### THE PROBLEM
Using the data below, output a verbatim copy of the lines between the one holding "Business Startup Line" and the one holding "Retro Bright Rainbow", inclusive, without any pictures.

### EXERCISE INPUTS
▬▬▬▬▬▬▬▬▬▬
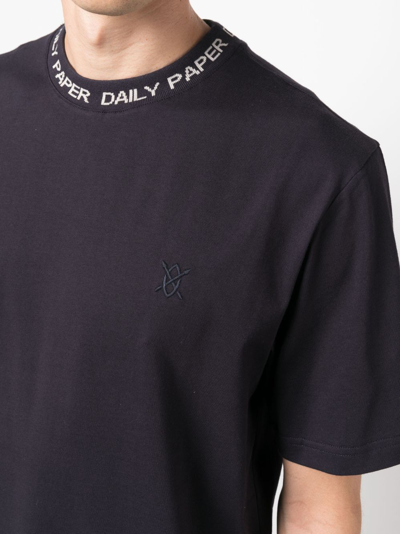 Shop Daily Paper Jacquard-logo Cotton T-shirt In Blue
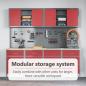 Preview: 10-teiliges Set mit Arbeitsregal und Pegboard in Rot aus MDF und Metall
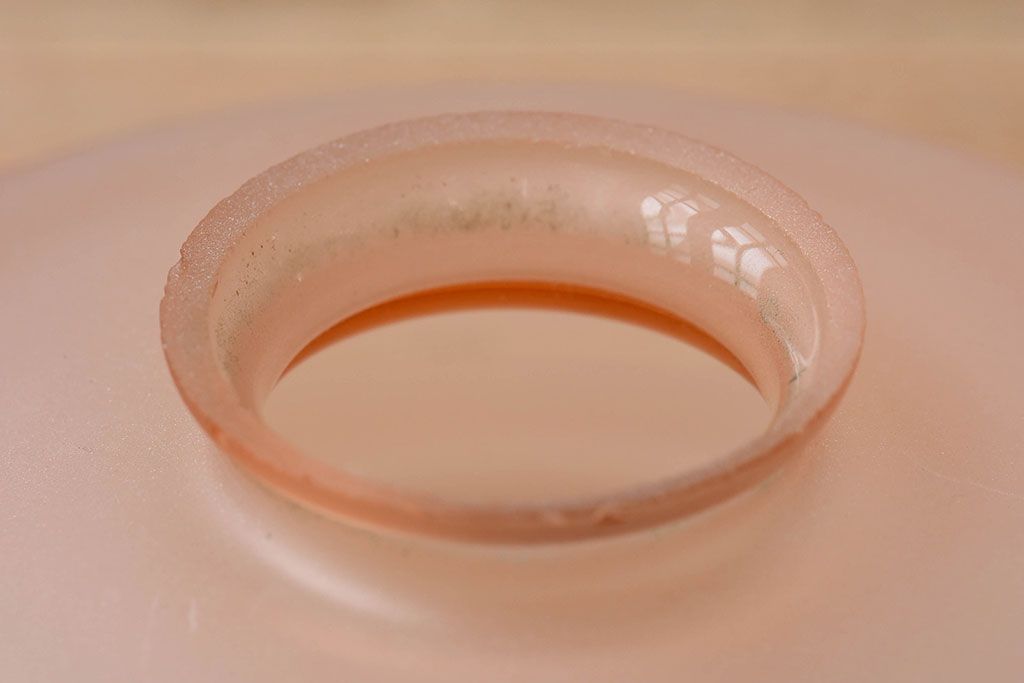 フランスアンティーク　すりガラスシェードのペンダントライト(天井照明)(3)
▬▬▬▬▬▬▬▬▬▬
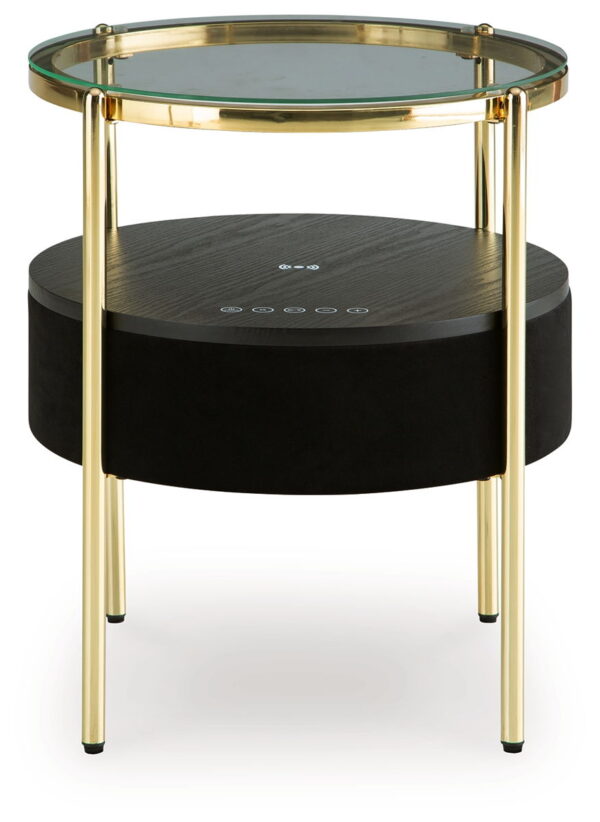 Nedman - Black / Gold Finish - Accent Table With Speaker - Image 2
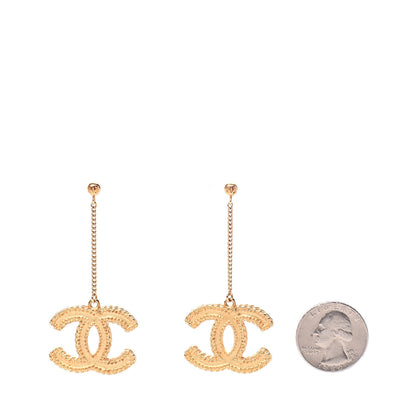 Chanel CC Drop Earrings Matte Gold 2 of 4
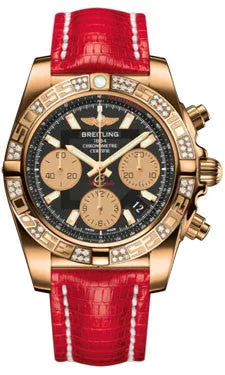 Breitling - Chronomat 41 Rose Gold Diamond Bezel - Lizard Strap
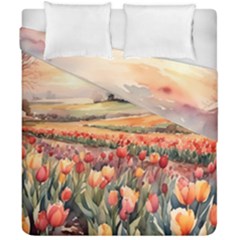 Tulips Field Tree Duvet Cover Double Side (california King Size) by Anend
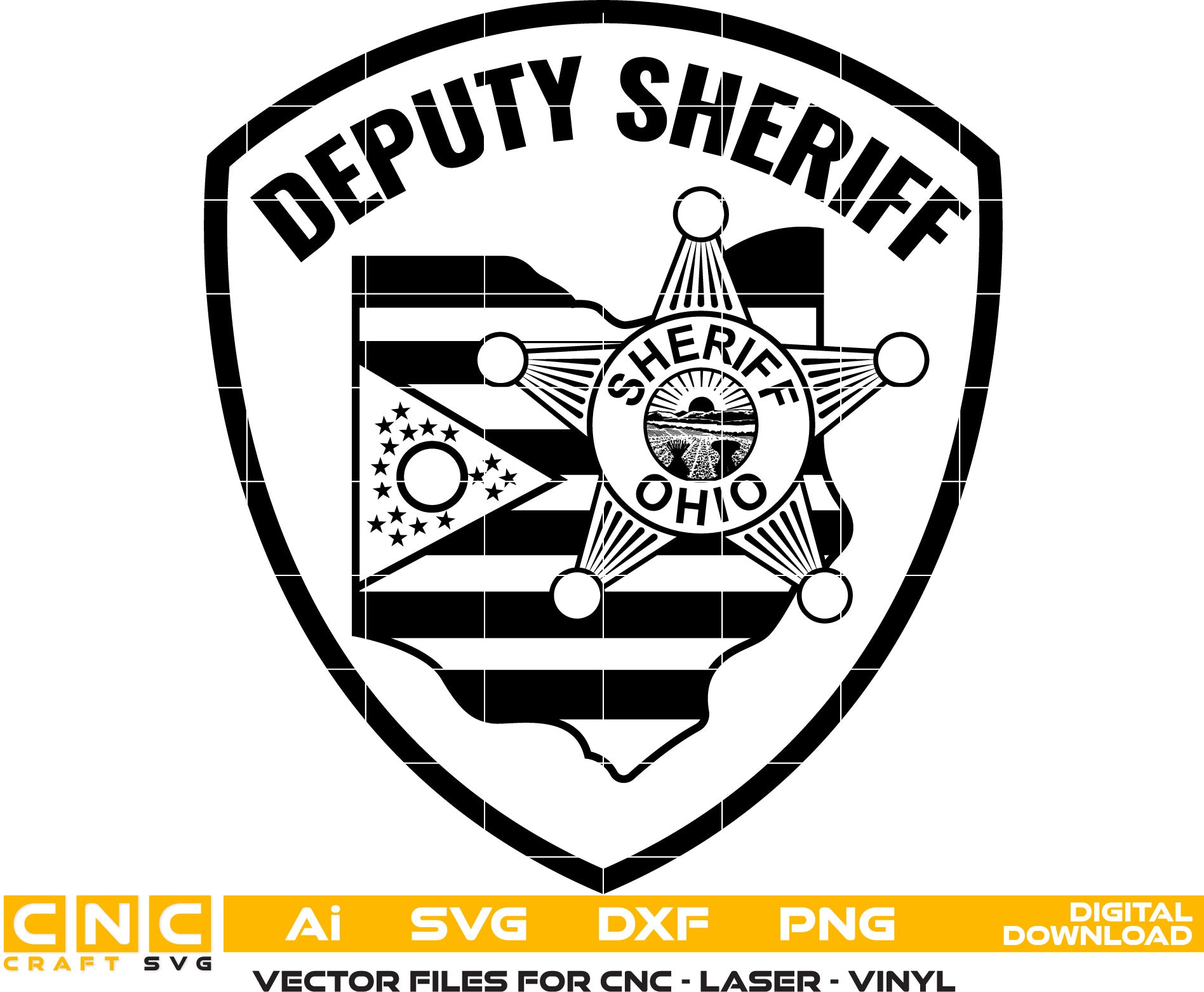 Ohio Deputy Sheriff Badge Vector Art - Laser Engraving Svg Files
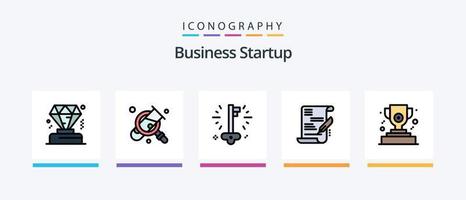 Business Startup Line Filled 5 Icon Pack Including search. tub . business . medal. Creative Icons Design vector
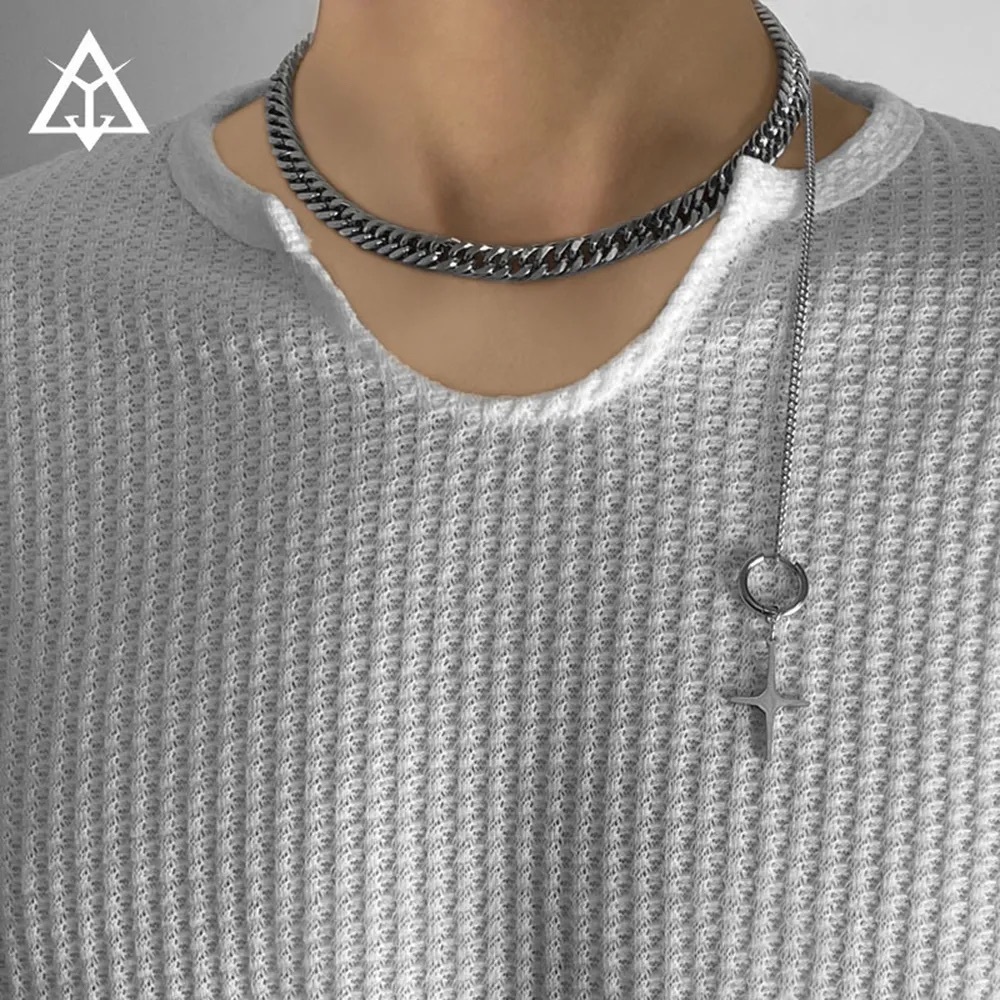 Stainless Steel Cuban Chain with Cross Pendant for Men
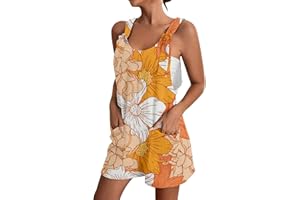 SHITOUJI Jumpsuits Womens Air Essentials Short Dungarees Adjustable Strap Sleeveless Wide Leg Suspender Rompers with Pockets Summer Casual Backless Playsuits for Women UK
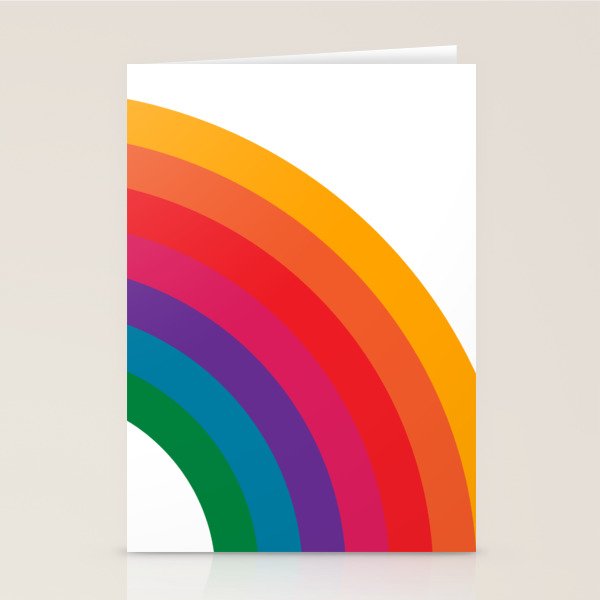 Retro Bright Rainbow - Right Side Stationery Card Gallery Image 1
▬▬▬▬▬▬▬▬▬▬
### WRITTEN ANSWER
 Business Startup Line Filled 5 Icon Pack Including search. tub . business . medal. Creative Icons Design vector
 Stainless Steel Cuban Chain with Cross Pendant for Men
 SHITOUJI Jumpsuits Womens Air Essentials Short Dungarees Adjustable Strap Sleeveless Wide Leg Suspender Rompers with Pockets Summer Casual Backless Playsuits for Women UK
 Retro Bright Rainbow - Right Side Stationery Card Gallery Image 1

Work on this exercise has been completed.